Cordray has tried to stay out of the political fray. (Republicans want to make structural changes to the CFPB, and Cordray became a pawn in that battle.) He has instead focused on setting up the new federal agency. Targeting vulnerable populations such as students, the elderly, and service members, the bureau has undertaken several "know- before-you-owe" initiatives to make it easier for consumers to understand terms of various financial products, such as credit cards, mortgages, and student loans.
Cordray has placed a high premium on meeting regulatory deadlines required under the 2010 Dodd-Frank financial-reform law and providing a forum for consumers to air complaints about financial offerings.
A former Ohio attorney general who originally joined the consumer bureau as the head of its enforcement division, he has charted a course that aims to flex the CFPB's muscle to go after specific abuses, such as unfair credit-card lending while trying not to clamp down too hard on the flow of credit.
"We are making great progress on standing up this agency and turning it into a powerful voice for consumers," Cordray said. "We have established, and continue to work to establish, a reputation for doing our work in a balanced and reasonable way that is very open and accessible to a wide range of viewpoints, all of which help inform us as we continue to do our work."
Cordray, 54, is from Ohio and had a well-established career as a lawyer and in state politics before coming to Washington.
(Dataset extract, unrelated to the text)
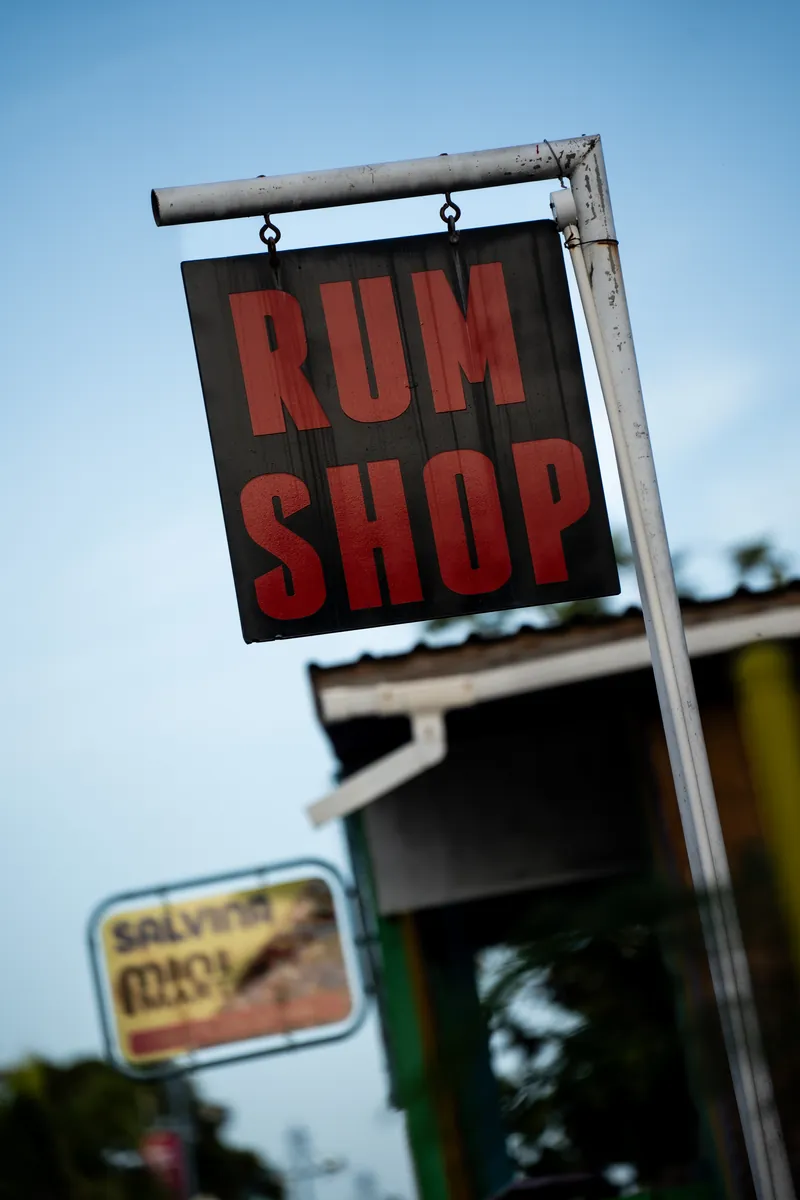 Rotes Schild mit der Aufschrift Rum Shop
He served as Ohio treasurer, Franklin County treasurer, the state's first solicitor general, and as a state representative for the 33rd Ohio House District. Cordray has argued seven cases before the U.S. Supreme Court, including by special appointment of both the Clinton and Bush Justice departments, and he clerked for Supreme Court Justices Byron White and Anthony Kennedy.
Cordray has a B.A. from Michigan State University, an M.A. from Oxford University, and a J.D. from the University of Chicago Law School. He is also a five-time Jeopardy champion.